Affitti brevi, si stringe la morsa sugli evasori - QdS

Affitti brevi, si stringe la morsa sugli evasori

Marco Carlino

Affitti brevi, si stringe la morsa sugli evasori

mercoledì 14 Agosto 2019

La cedolare secca del 21% non ha ottenuto i risultati sperati, si cambia quindi la rotta. Un codice identificativo sarà obbligatorio per i proprietari di casa iscritti su Airbnb

CATANIA – Il Fisco italiano mette nel mirino gli affitti brevi per porre fine all’evasione fiscale derivante da questo mercato.
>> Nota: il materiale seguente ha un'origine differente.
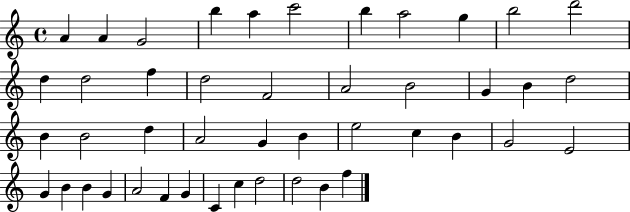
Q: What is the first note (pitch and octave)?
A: A4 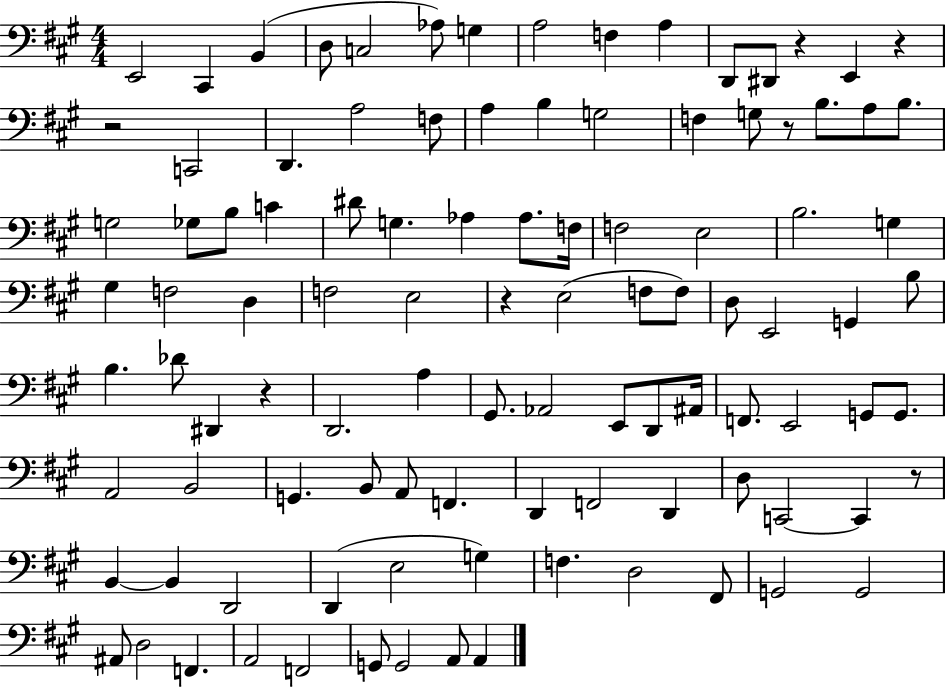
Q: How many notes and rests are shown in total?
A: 103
La cedolare secca del 21%, ha prodotto molto meno dei 140 milioni preventivati dall’allora governo Gentiloni, infatti nella casse dello Stato sono entrati solo 44 milioni, circa un terzo di quanto previsto nel suo primo anno di applicazione.
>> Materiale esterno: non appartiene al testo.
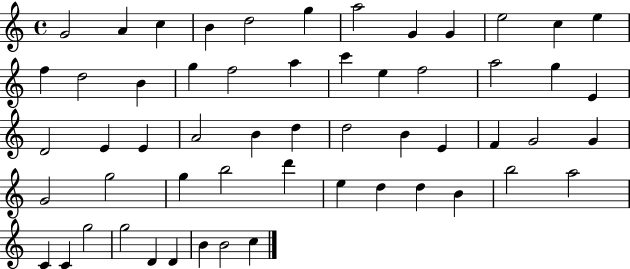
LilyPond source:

{
  \clef treble
  \time 4/4
  \defaultTimeSignature
  \key c \major
  g'2 a'4 c''4 | b'4 d''2 g''4 | a''2 g'4 g'4 | e''2 c''4 e''4 | \break f''4 d''2 b'4 | g''4 f''2 a''4 | c'''4 e''4 f''2 | a''2 g''4 e'4 | \break d'2 e'4 e'4 | a'2 b'4 d''4 | d''2 b'4 e'4 | f'4 g'2 g'4 | \break g'2 g''2 | g''4 b''2 d'''4 | e''4 d''4 d''4 b'4 | b''2 a''2 | \break c'4 c'4 g''2 | g''2 d'4 d'4 | b'4 b'2 c''4 | \bar "|."
} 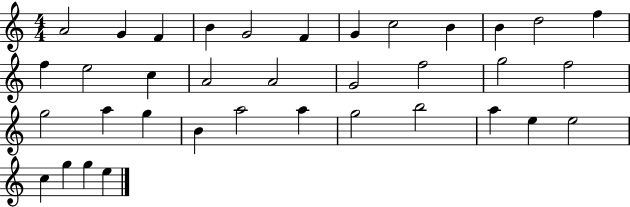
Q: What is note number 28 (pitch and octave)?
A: G5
Stando ai dati delle dichiarazioni dei redditi 2018 pubblicati dal ministero dell’Economia e delle finanze, ad adeguarsi alla direttiva sarebbero stati solamente 7.200 contribuenti, decisamente troppo pochi. L’obiettivo della cedolare secca, infatti, era quello di far emergere i redditi di chi affitta case attraverso servizi come Airbnb, per citare il più famoso. I deludenti risultati hanno così convinto il governo a cambiare strategia.

Come ha previsto il Decreto Crescita, la banca dati degli alloggiati sarà messa a disposizione dell’Agenzia delle Entrate, che così potrà accedere a tutti i dati dei locatori che affittano i loro immobili sui portali dedicati a questo settore. In questo modo l’Agenzia potrà controllare se i proprietari che affittano le loro case per brevi periodi sono in regola con gli adempimenti fiscali.

Sempre nella nuova normativa è presente anche l’obbligo per i proprietari di immobili concessi in affitto breve di registrarsi presso una banca dati pubblica delle strutture ricettive e degli immobili che saranno identificati con un codice alfanumerico. Il codice avrà il valore di una sorta di bollino di qualità e l’iscrizione alla banca dati sarà un modo per verificare l’adempimento della tassa di soggiorno.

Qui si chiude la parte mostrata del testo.